#NewThisDay Writing From My Photo Stream
I kind of exploded inside,
and joy shot out of me.
I began my roll down the grassy hill.
I bent my knees up small, took a deep breath
and I was off.
My arms shot out sideways.
I gathered speed.
My eyes squinted.
Sky and grass, dazzle and dark.
I went on forever. . .HILL ROLLING BY ANDREW TAYLOR
In the afternoon, I walked to the river for the first time since Thursday, and the leaves framing the landing where I always stop first have turned to rust. Perhaps the leaves are past their peak. I am so happy to be home and in my woods, free to walk for as long as I want in the fresh bright air. The dogs are happy too. We take our time. I pass the brook and it’s running! Red, yellow, green, rust leaves of all shapes and sizes float on the surface and will sink soon.
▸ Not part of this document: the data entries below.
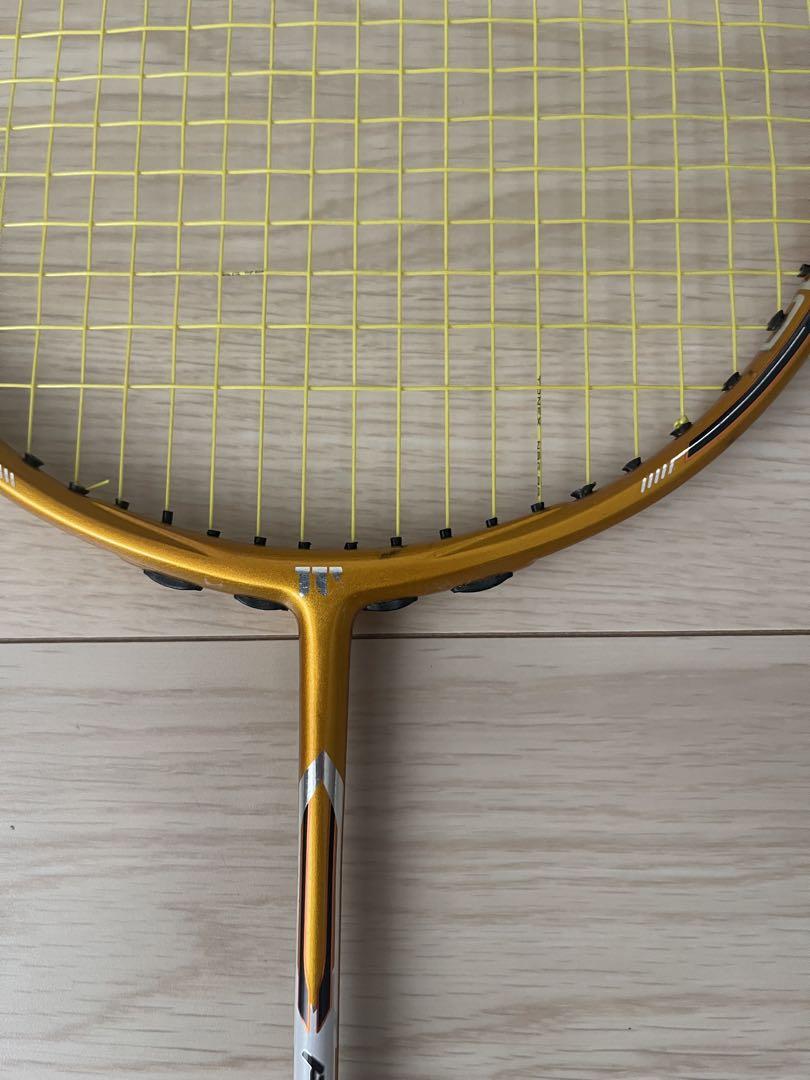 バドミントンラケット Wilson recon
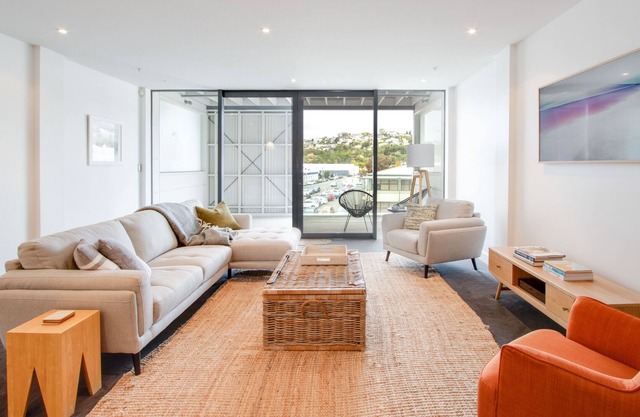 Ahuriri Luxury Apartment - Ahuriri Holiday Home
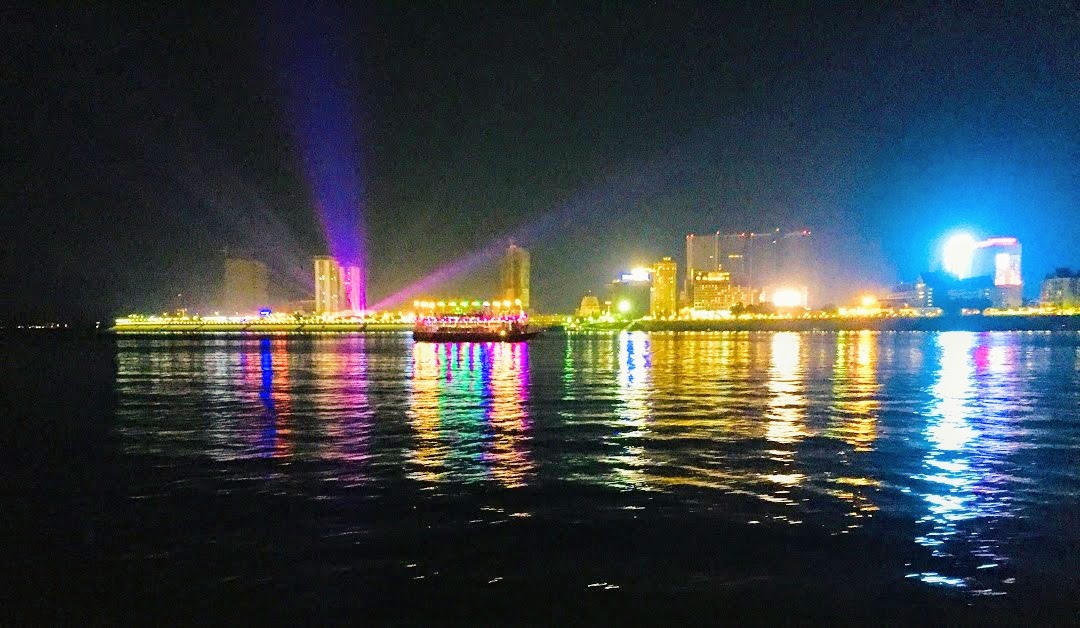 media/images/country-pages/cambodia/phnom-penh-nearby/trips/phnom-penh-sunset-cruise-on-the-mekong-half-day/phnom-penh-sunset-cruise-on-the-mekong-half-day-6/2789638-1-eng-GB/phnom-penh-sunset-cruise-on-the-mekong-half-day-6.jpg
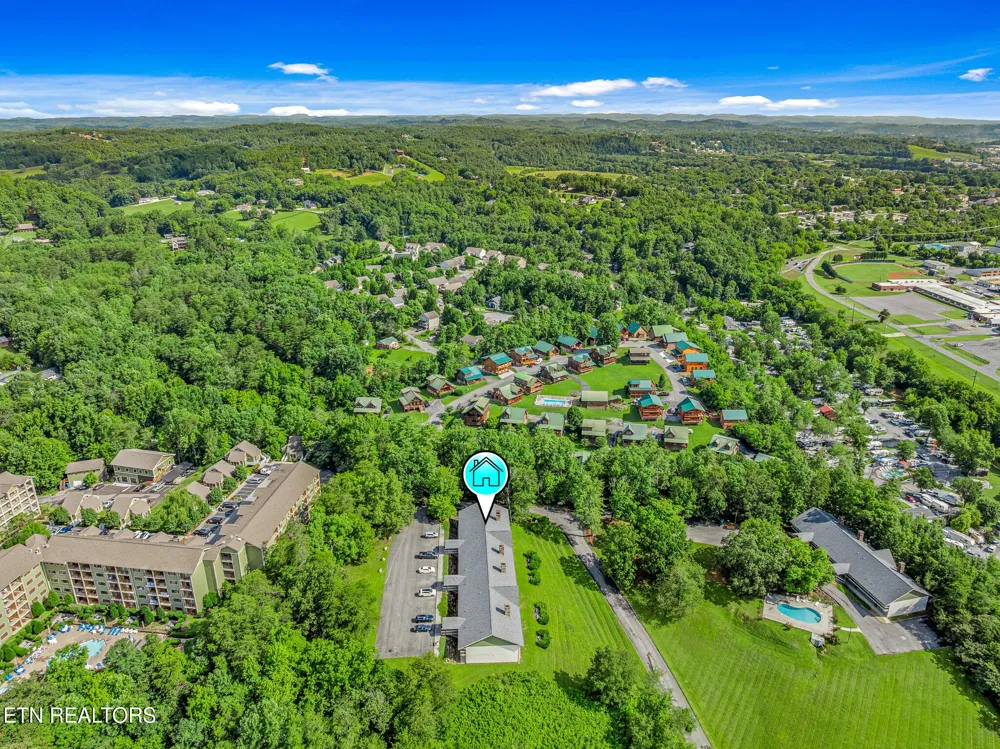 526 Briarcliff Way #102 Pigeon Forge, TN 37863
We have had our needed rain. My son and his special one come, after my walk, to the deck for a family visit. We are masked, and physically distant, but emotionally present. All my children home, the sweetest hour. I am exploding inside, giddy with gratitude. It is, as Andrew Taylor writes, a rolling down the hill joy. The granite steps off our deck land at the top of a very gentle slope down the lawn. And yet, it is a slope. For a child, like a hill. When my nephew Lucas came and visited one afternoon a couple of months ago, we played outdoors and he repeatedly, giddily, hollered with joy and rolled and rolled down the hill. He will come to our house some day when he is older and the scope of his vision changed he will be startled to find the hill he remembered rolling down with such glee is really no bigger than a mild slope. Still, it doesn’t matter. It’s a hill for now, a hill for rolling, a hill for hollering.